Spring 2007 - Statistics 703 Readings and Homework

Spring 2007
Statistics 703/J703 - Introduction to Statistical Theory II
Tuesday / Thursday 4:00-5:15
203 BA Building

Course Website: http://www.stat.sc.edu/~habing/courses/703S07.html

Assigned Thursday 1/25	Read for Tuesday 1/30 Should have read 8.1-8.4	#1 - Due for Thursday 2/1 703h1S07.pdf
Assigned Thursday 2/1	Read for Tuesday 2/6 Should have read through 8.5.1	#2 - Due for Thursday 2/8 1) Find the MLE for the geometric distribution parameter p. 2) This problem uses the logistic regression code on the R-templates page. a) Briefly explain why the code needs to use the lines defining s and m. Be sure to include any math needed to show why that is correct. b) Give a reason why using the value b=0 would be a bad choice for an initial value estimate. c) Use the resulting estimated logistic regression equation to estimate the probability of O-ring failure at a temperature of 29 degrees (the temperature at launch time on January 27, 1986). d) Imagine you were attempting to use logistic regression on something where an increase in X corresponded to a decrease in Y (say good cholesterol level and chance of a heart attack). What is one way you could modify the the code or the data to allow you to estimate this. (Note that you have to change something because a CDF is increasing!)

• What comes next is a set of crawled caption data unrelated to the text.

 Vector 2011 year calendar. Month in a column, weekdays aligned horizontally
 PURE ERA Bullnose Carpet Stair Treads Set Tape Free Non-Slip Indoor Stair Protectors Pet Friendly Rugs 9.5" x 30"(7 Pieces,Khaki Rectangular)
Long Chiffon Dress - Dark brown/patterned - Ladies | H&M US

Assigned Thursday 2/8	Read for Tuesday 2/13 Should have read all of 8.5	#3- Due for Thursday 2/15 This assignment deals with using the geometric distribution to examine the data in problem 8 on page 315. a) Find the formula for the asymptotic variance of the mle for p. b) Estimate p-hat_mle for this data. c) Use the asymptotic distribution of the mle to construct an approximate 95-percent confidence interval for p from this data. d) Use the parametric bootstrap with the mle to construct an approximate 95-percent confidence interval for p from this data. (Hint: `sort(lhat.dist)[50]` and`sort(lhat.dist)[950]`)

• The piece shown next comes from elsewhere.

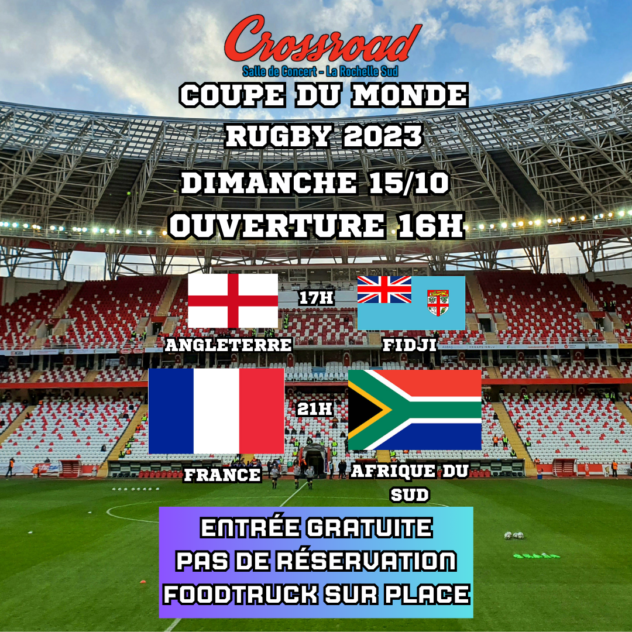 Diffusion Coupe du Monde de Rugby : JOURNÉE Quart de Finale FRANCE - AFRIQUE DU SUD + ANGLETERRE  - FIDJI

Assigned Tuesday 2/27	Read for Thursday 3/1 Should have read 9.1-9.2	#4- Due for Tuesday 3/6 Chapter 9: #7 and 8. Also, consider a sample of size 20 and the null hypothesis lambda=1. Find the possible alpha level closest to 0.05 without going exceeding it, and the corresponding rejection region. Note: You can use R to make a table of Poisson values for a given parameter with code similar to: `lambda<-7 range<-0:30 poistable<- cbind(range,round(ppois(range,lambda),3),1-round(ppois(range-1,lambda),3)) colnames(poistable)<-c("x","P(X<=x)","P(X>=x)") poistable`
Assigned Thursday 3/9	Read for Tuesday 3/20 Should have read 9.3-9.4	#5 - Due for Thursday 3/22 A new type of product is supposed to have a mean time until failure of at least 5 hours. A sample of size 8 produced first failure times of 1.6, 4.3, 4.7, 5.8, 6.3, 2.1, 8.5, and 3.2. a) Assuming the failure times follow an exponential distribution, find the UMP test for H0:mean failure time=5 hours versus HA: mean failure time < 5 hours. (Remember that the expected value is 1/lambda). b) Find the p-value for testing these hypotheses with the given data set. (Hint: pgamma) c) Find the power for testing these hypotheses when the true mean failure time is 4 hours.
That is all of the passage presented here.